Pre-initialized scorer for repeated evaluation.

Parameters

metrics : list[str] | str Metric names, group prefixes ("vbench"), or "all". device : str Single-GPU device (e.g. "cuda:0"). Ignored when num_gpus > 1. num_gpus : int Number of GPU replicas. Each gets its own :class:EvalWorker. compile : bool Apply :func:torch.compile to each metric's _model. loader_threads : int Background decode threads in the :class:VideoPool. Default 1 (hide decode behind compute). Bump for I/O-heavy benchmark sets where one loader can't keep up with the workers. prefetch_factor : int pool max_size = prefetch_factor * num_workers. Default 2 — one sample being consumed, one prefetched per worker. pre_upload : bool When True (default), the worker performs a single host→device upload of video / reference per sample before the metric loop, and every metric reads from that shared GPU-resident tensor. Without it, each metric pays its own .to(self.device) — N transfers of the same clip for N metrics, which dominates at high resolution. Set False for training-time eval, where keeping a clip resident on GPU across the metric loop would fight the training step for VRAM. skip_missing_deps : bool When True, silently drop explicit metric names whose optional deps aren't importable (with a one-line warning per skipped metric). Default False — an explicit name with a missing dep raises :class:ImportError at construction time. Group selectors ("vbench", "all") always silent-skip regardless of this flag.

Source code in fastvideo/eval/evaluator.py
def __init__(
    self,
    metrics: list[str] | str = "all",
    device: str = "cuda:0",
    num_gpus: int = 1,
    compile: bool = False,
    *,
    loader_threads: int = 1,
    prefetch_factor: int = 2,
    pre_upload: bool = True,
    skip_missing_deps: bool = False,
) -> None:
    names = _resolve_metric_names(metrics, skip_missing_deps=skip_missing_deps)
    if num_gpus > 1:
        self._workers = [
            EvalWorker(names,
                       f"cuda:{i}",
                       compile=compile,
                       pre_upload=pre_upload,
                       skip_missing_deps=skip_missing_deps) for i in range(num_gpus)
        ]
    else:
        self._workers = [
            EvalWorker(names, device, compile=compile, pre_upload=pre_upload, skip_missing_deps=skip_missing_deps)
        ]
    self._loader_threads = max(1, loader_threads)
    self._prefetch_factor = max(1, prefetch_factor)

Functions

fastvideo.eval.evaluator.Evaluator.evaluate
evaluate(samples: Iterable[dict] | None = None, *, metrics: list[str] | None = None, **kwargs) -> dict[str, MetricResult] | EvalResults

Score one sample (kwargs form) or many samples (list form).

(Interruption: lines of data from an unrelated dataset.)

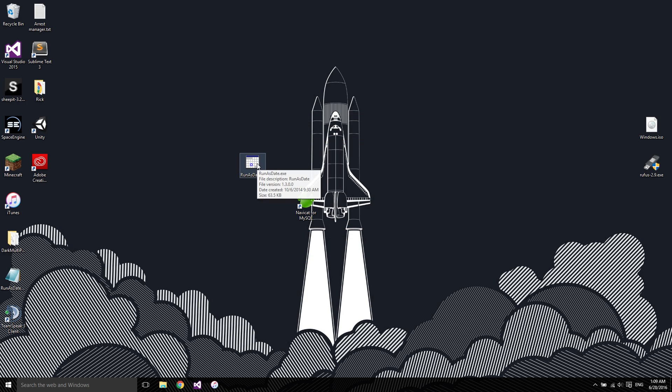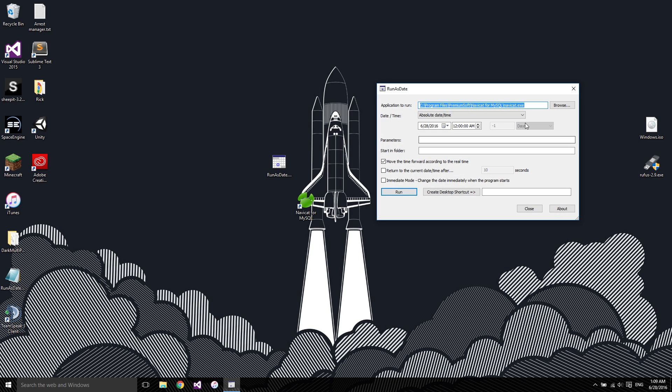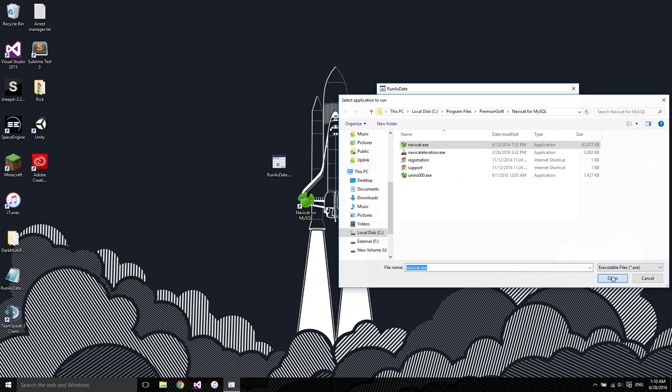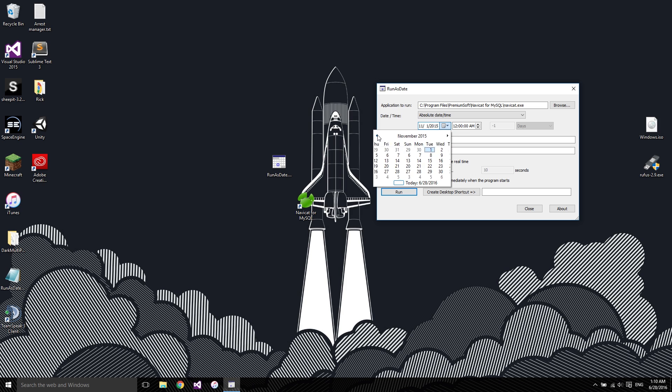So what we're going to do is open up RunAsDate. We're going to navigate to the executable, which is right here for me. Find yours, and so it expired on the 26th, so we're going to go to November and I'm going to put it on the 24th.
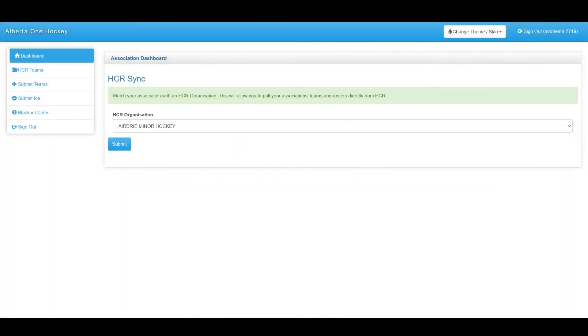Hello and welcome to this RAMP Interactive Hockey Alberta Association Login Tutorial. Before we begin, I would like to direct you to the description of this video where we have timestamps to specific portions of the video. Without further ado, we will begin.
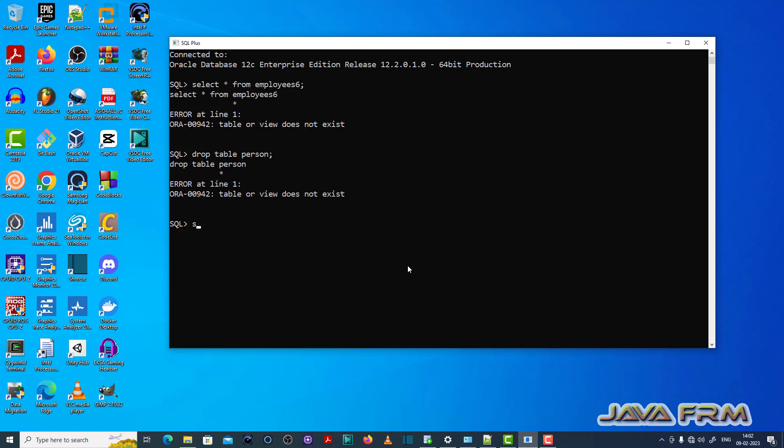So before issuing any statement, check whether that table exists in database or not. Then you provide the select or drop command.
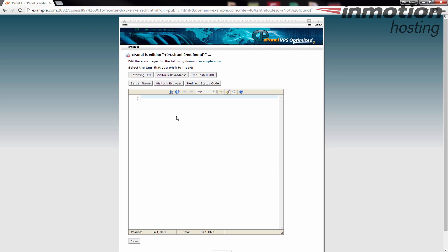When you click the error that you want to edit it will bring you here, and this is just an editing page. You can put HTML in here. In my case I'm just going to add some basic tags and I'm going to show you how to use these buttons up here.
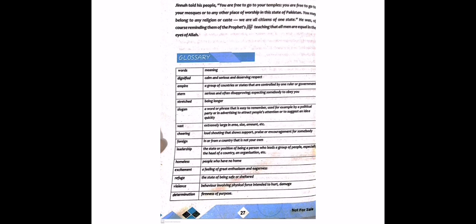A few days after he landed in Karachi, Muhammad Ali Jinnah told his people: You are free to go to your temples, you are free to go to your mosques, or to any other place of worship in this state of Pakistan. You may belong to any religion or caste. We are all citizens of one state.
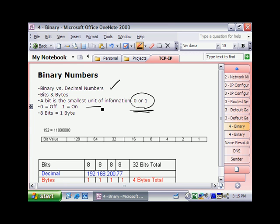Secondly, when it comes to bytes, basically 1 bit is the smallest unit of information like we said up here in our third bullet point. And then down here, 8 bits equals 1 byte. So just some general facts that you need to be aware of.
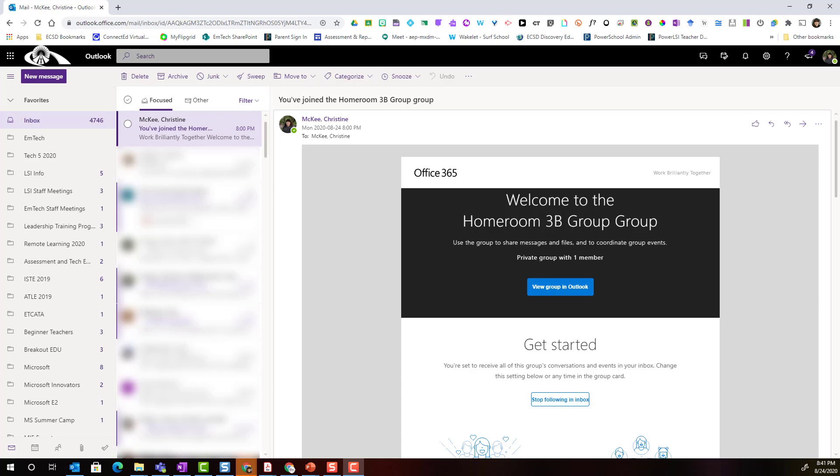Hi everyone! Let's take a closer look at how you can invite parents from your class community to a Microsoft Teams meeting by scheduling a meeting through your Outlook calendar.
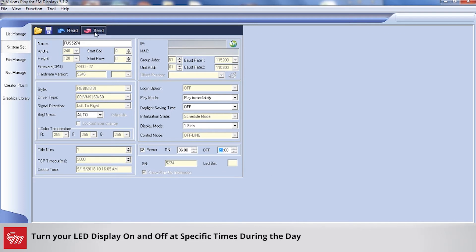From there, you would just simply hit Send and the changes will come back down to your sign.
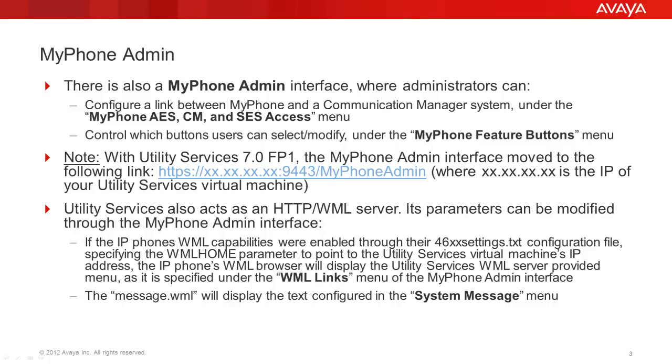The Utility Services also has a built-in HTTP WML functionality and further fine-tuning of the WML features is also possible by the MyPhone admin interface. However, the WML features are not going to be covered in this video.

Both forms go through the same :class:VideoPool pipeline; video / reference paths are decoded asynchronously.

Parameters

samples : Iterable of sample dicts. Omit and pass kwargs for a single-sample call. metrics : Subset of this Evaluator's registered metrics to actually run on this batch. None (default) runs all registered. Lets a single long-lived Evaluator score different (gen, ref) corpora with different metric subsets across multiple evaluate() calls — e.g. LPIPS on a paired corpus, FVD on an unequal-cardinality corpus — without burning model loads. Set-metric accumulators are reset only for the metrics included in metrics, so state for other set metrics is preserved across calls.

Single sample::

ev.evaluate(video=tensor, text_prompt="...", fps=24.0)

Many samples::

ev.evaluate(samples=[{"video": ..., "reference": ...}, ...])

Many samples with a metric filter::

ev.evaluate(samples=lpips_samples, metrics=["common.lpips"])
ev.evaluate(samples=fvd_samples,   metrics=["common.fvd"])
Returns

dict[str, MetricResult] for the single-sample form; :class:EvalResults (list-of-dict subclass with .corpus) for the list form.

Source code in fastvideo/eval/evaluator.py
def evaluate(
    self,
    samples: Iterable[dict] | None = None,
    *,
    metrics: list[str] | None = None,
    **kwargs,
) -> dict[str, MetricResult] | EvalResults:
    """Score one sample (kwargs form) or many samples (list form).

    Both forms go through the same :class:`VideoPool` pipeline;
    ``video`` / ``reference`` paths are decoded asynchronously.

    Parameters
    ----------
    samples :
        Iterable of sample dicts.  Omit and pass kwargs for a
        single-sample call.
    metrics :
        Subset of this Evaluator's registered metrics to actually
        run on this batch.  ``None`` (default) runs all registered.
        Lets a single long-lived Evaluator score different (gen,
        ref) corpora with different metric subsets across multiple
        ``evaluate()`` calls — e.g. LPIPS on a paired corpus, FVD
        on an unequal-cardinality corpus — without burning model
        loads.  Set-metric accumulators are reset only for the
        metrics included in *metrics*, so state for other set
        metrics is preserved across calls.

    Single sample::

        ev.evaluate(video=tensor, text_prompt="...", fps=24.0)

    Many samples::

        ev.evaluate(samples=[{"video": ..., "reference": ...}, ...])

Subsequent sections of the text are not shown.